2.    Komunikasikan harapan etis; karena ambiguitas etis bisa diminimalisir oleh penyebaran kode etik organisasi. Kode etik tersebut harus menetapkan nilai-nilai utama organisasi dan kaidah etis yang diharapkan untuk diikuti karyawan.
3.    Berikanlah pelatihan etis; dalam bentuk lokakarya, seminar, dan program-progam pelatihan etis. Gunakanlah sesi pelatihan untuk mendorong standar perilaku organisasi, untuk mengklarifikasi praktik apa yang boleh dan apa yang tidak boleh dan juga untuk mengajukan dilema etis yang mungkin dihadapi oleh para karyawan.
4.    Berikanlah imbalan terhadap perilaku etis, dan hukuman terhadap perilaku tidak etis. Penilaian kinerja karyawan haruslah mencakup sarana yang diambil untuk mencapai sasaran dan hasil, dan juga perilaku etika yang bersangkutan.

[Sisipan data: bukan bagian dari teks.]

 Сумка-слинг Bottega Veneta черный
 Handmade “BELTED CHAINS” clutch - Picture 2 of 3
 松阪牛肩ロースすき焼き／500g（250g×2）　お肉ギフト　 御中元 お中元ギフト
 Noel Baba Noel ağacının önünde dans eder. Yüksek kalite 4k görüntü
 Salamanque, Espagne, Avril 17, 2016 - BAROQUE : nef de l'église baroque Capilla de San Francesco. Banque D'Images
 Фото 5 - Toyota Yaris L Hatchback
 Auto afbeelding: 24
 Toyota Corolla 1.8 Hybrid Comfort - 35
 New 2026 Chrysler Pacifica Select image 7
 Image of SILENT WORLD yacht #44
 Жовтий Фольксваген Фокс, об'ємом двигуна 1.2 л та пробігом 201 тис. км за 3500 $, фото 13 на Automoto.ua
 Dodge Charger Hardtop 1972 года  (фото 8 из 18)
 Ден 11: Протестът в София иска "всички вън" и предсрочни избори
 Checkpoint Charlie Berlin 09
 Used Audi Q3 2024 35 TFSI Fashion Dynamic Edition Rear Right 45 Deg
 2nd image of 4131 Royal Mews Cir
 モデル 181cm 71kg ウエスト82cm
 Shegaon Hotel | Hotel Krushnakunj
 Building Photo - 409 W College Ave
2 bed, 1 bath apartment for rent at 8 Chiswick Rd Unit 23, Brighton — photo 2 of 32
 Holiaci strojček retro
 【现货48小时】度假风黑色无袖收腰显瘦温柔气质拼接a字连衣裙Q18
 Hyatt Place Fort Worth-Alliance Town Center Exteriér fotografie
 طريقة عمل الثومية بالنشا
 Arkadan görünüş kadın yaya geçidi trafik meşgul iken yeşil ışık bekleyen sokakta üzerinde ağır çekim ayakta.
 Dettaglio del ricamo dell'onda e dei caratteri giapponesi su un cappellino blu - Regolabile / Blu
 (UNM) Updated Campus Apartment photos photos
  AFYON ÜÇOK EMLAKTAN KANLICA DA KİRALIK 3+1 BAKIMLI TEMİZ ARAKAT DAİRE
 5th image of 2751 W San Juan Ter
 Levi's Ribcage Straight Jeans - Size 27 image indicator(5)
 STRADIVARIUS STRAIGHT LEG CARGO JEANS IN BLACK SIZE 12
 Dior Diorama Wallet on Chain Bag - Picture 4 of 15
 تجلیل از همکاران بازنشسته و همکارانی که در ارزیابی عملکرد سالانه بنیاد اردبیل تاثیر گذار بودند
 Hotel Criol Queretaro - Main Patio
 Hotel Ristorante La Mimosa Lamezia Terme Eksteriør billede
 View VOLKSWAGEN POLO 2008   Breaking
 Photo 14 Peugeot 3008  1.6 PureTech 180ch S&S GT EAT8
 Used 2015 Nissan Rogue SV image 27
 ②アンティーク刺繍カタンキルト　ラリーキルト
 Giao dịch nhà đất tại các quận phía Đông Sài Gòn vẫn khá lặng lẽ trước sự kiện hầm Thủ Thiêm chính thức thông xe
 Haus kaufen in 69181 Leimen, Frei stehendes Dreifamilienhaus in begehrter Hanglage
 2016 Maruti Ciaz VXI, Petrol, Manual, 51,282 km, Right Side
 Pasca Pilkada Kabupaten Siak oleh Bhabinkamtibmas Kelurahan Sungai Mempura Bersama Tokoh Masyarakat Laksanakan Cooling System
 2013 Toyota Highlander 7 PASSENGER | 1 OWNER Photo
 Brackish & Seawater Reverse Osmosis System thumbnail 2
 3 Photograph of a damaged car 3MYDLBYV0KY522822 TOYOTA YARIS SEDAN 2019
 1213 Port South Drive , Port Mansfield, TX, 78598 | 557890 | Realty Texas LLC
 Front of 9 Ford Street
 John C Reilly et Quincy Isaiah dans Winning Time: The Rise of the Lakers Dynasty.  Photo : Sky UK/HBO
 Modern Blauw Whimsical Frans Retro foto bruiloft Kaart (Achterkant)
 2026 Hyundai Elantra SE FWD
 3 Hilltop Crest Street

Tindakan etis, masuk dalam penilaian positif kinerja sedangkan perilaku tidak etis harus mendapat hukuman secara kasat mata.
5.    Sediakanlah mekanisme yang bersifat melindungi karyawan yang melaporkan perilaku tidak etis tanpa takut ditegur. Sangat penting bagi organisasi untuk mengadakan konselor etik, obudsmen, atau pejabat etik.

Penutup
Peranan pemimpin dalam budaya organisasi sangat esensial, para pemimpin mempunyai potensi yang paling besar dalam menanamkan dan memperkuat aspek-aspek budaya organisasi baik melalui perkataan maupun perilakunya. Ada yang berpendapat lebih ekstrim, bahwa budaya organisasi bersumber dari kepemimpinan dan pemimpin, karena pemimpinlah yang pada dasarnya memiliki otoritas. Otoritas bisa dalam bentuk persetujuan, ketidaksetujuan, ataupun penghargaan atas perilaku anggota organisasi, sehingga akhirnya melembaga dan terbentuk menjadi budaya organisasi.


Daftar Pustaka :
Brown, R. 1998. Organizational Culture. Prentice Hall Inc, Toronto.

Robbins, Stephen P. 2003. Organizational Behavior. Prentice Hall. England.

Sobirin, Akhmad. 2007. Budaya Organisasi: Pengertian, Makna, dan Aplikasinya dalam Kehidupan Organisasi. Unit Penerbit dan Percetakan Sekolah Tinggi Ilmu Manajemen YKPN. Yogyakarta.

Yukl, Gary. 1998. Kepemimpinan dalam Organisasi (Edisi Bahasa Indonesia). Prenhallindo. Jakarta.